Dead Citizenship
By Anjali Albuquerque | May 29, 2009 at 2:35 pmMemorial Day is an appropriate time to reflect on the under appreciated contribution that immigrants have made to our country’s armed services and interests overseas. Around 68,711 foreign born individuals currently help promote American interests abroad. 48% of these foreign born are non-citizens.
In July 2002, President Bush signed an executive order that made noncitizens of the armed forces eligible for expedited US citizenship. Since then, 47,500 service members have naturalized and become U.S. Citizens.
The Arlington cemetery preserves the memory of these solider immigrants, many of whom fought in Iraq and Afghanistan. The Khanda, a religious symbol of Sikh faith, is carved into the white head stone that marks the grave of Indian native Uday Singh. One of the many foreign born members who earned citizenship by dying in Iraq, Uday Singh was the first Sikh to die in combat as a US soldier. A 1981 ban of “conspicuous” religious articles of faith for US army members would have prevented Uday from wearing a turban and expressing his faith openly in the armed services. The Khanda on his gravestone is a symbol of affirmation granting that Singh is an American and a Sikh, affirming his religious identity in death that was denied expression to him in his life.

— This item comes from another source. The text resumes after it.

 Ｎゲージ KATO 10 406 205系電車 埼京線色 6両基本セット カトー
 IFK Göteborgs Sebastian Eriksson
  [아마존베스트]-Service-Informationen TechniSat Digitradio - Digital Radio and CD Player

The human stories of immigrants who’ve become citizens only through death is really sad. Though from a while back, a story on the AP titled Dead Citizenship really broke my heart. “What use is a piece of paper?” cried Fredelinda Pena after another emotional naturalization ceremony, this one in New York City where her brother’s framed citizenship certificate was handed to his distraught mother. Next to her, the infant daughter he had never met dozed in his fiancée’s arms.
Cpl. Juan Alcantara, 22, a native of the Dominican Republic, killed Aug. 6, 2007 by an explosive in was eulogized by a congressman “but to his sister, those tributes seemed as hollow as citizenship.’He can’t take the oath from a coffin,’ she sobbed.”
The Amnesty forum in this issue of the Boston Review puts Juan Alcantara’s and Uday Singh’s experiences in a philosophical context where citizenship: the legal recognition that one belongs to a political community becomes an ambiguous idea. Why should one’s nation of birth, a morally arbitrary factor affect one’s future? Why doesn’t the hardship and struggle that many irregular immigrants triumph over qualify them as model citizens, demonstrating the model virtues of determination and hope needed to make it in this country.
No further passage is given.